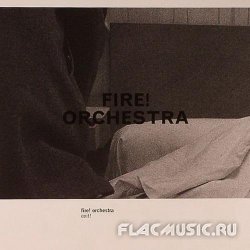 Fire! Orchestra - Exit! (2013)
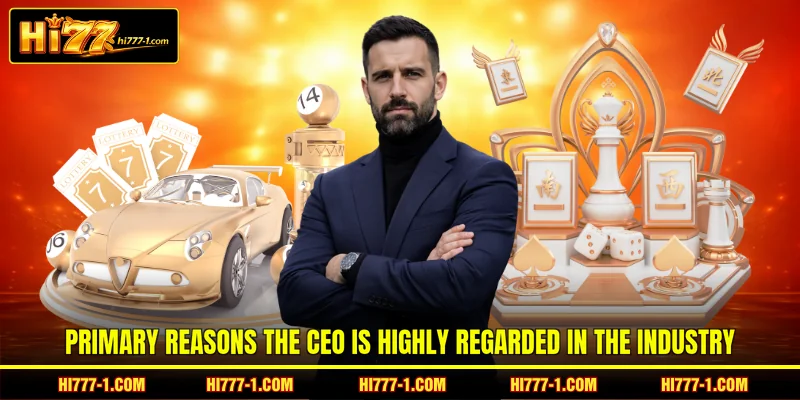 Primary reasons the CEO is highly regarded in the industry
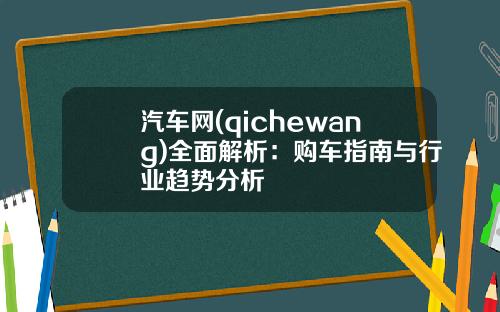 汽车网(qichewang)全面解析：购车指南与行业趋势分析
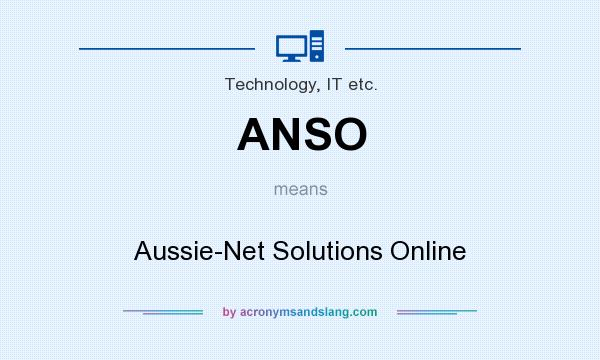 What does ANSO mean? It stands for Aussie-Net Solutions Online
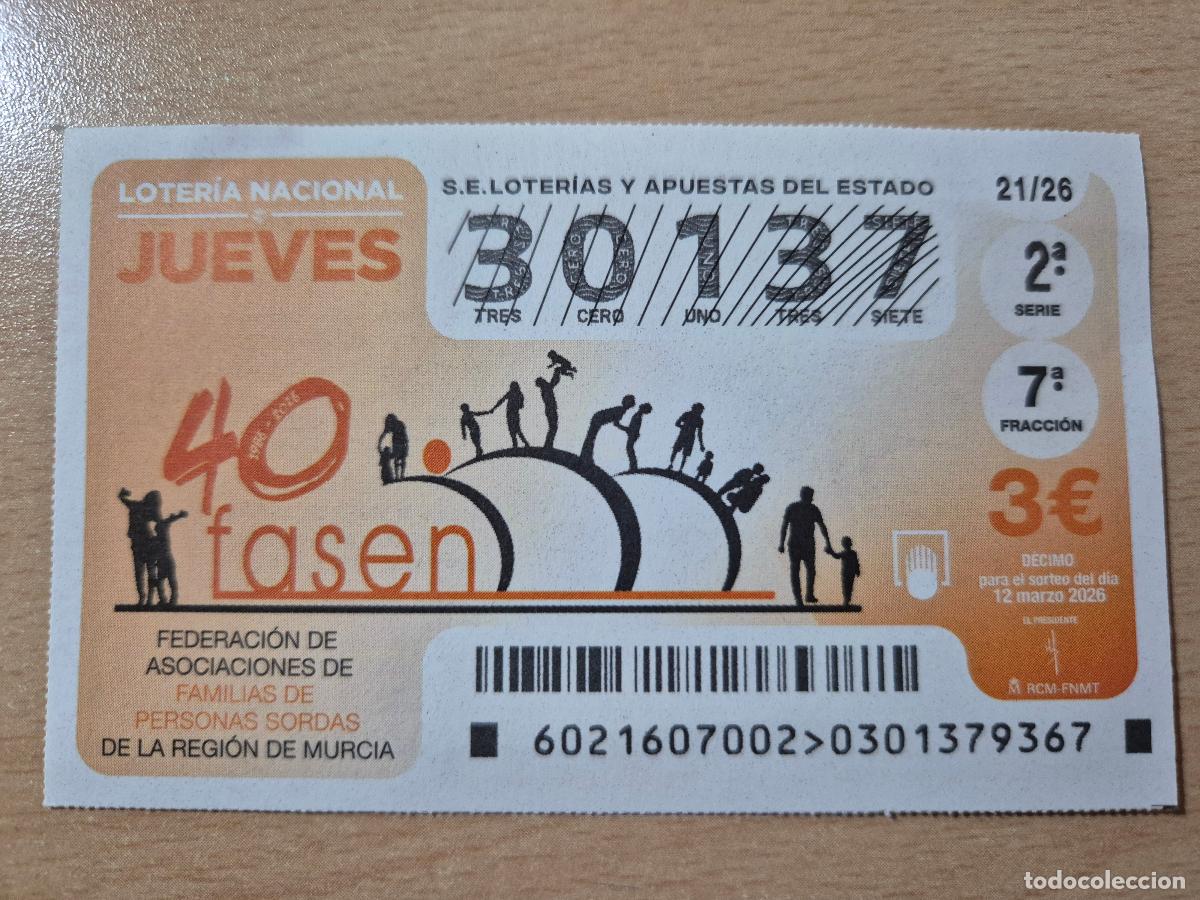 Loter&iacute;a Nacional: LOTERIA NACIONAL - 12-03-2026 - 30137 - 40 A&Ntilde;OS FASEN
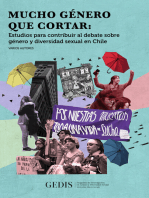 Mucho género que cortar: Estudios para contribuir al debate sobre género y diversidad sexual en Chile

□ □ □ □ □

▸ **Work request**
From the line containing "汽车网(qichewang)全面解析：购车指南与行业趋势分析" down to the last line of the entries above, copy each line exactly and nothing more. Leave pictures out.

▸ **Solution to this exercise**
 汽车网(qichewang)全面解析：购车指南与行业趋势分析
 What does ANSO mean? It stands for Aussie-Net Solutions Online
 Loter&iacute;a Nacional: LOTERIA NACIONAL - 12-03-2026 - 30137 - 40 A&Ntilde;OS FASEN
 Mucho género que cortar: Estudios para contribuir al debate sobre género y diversidad sexual en Chile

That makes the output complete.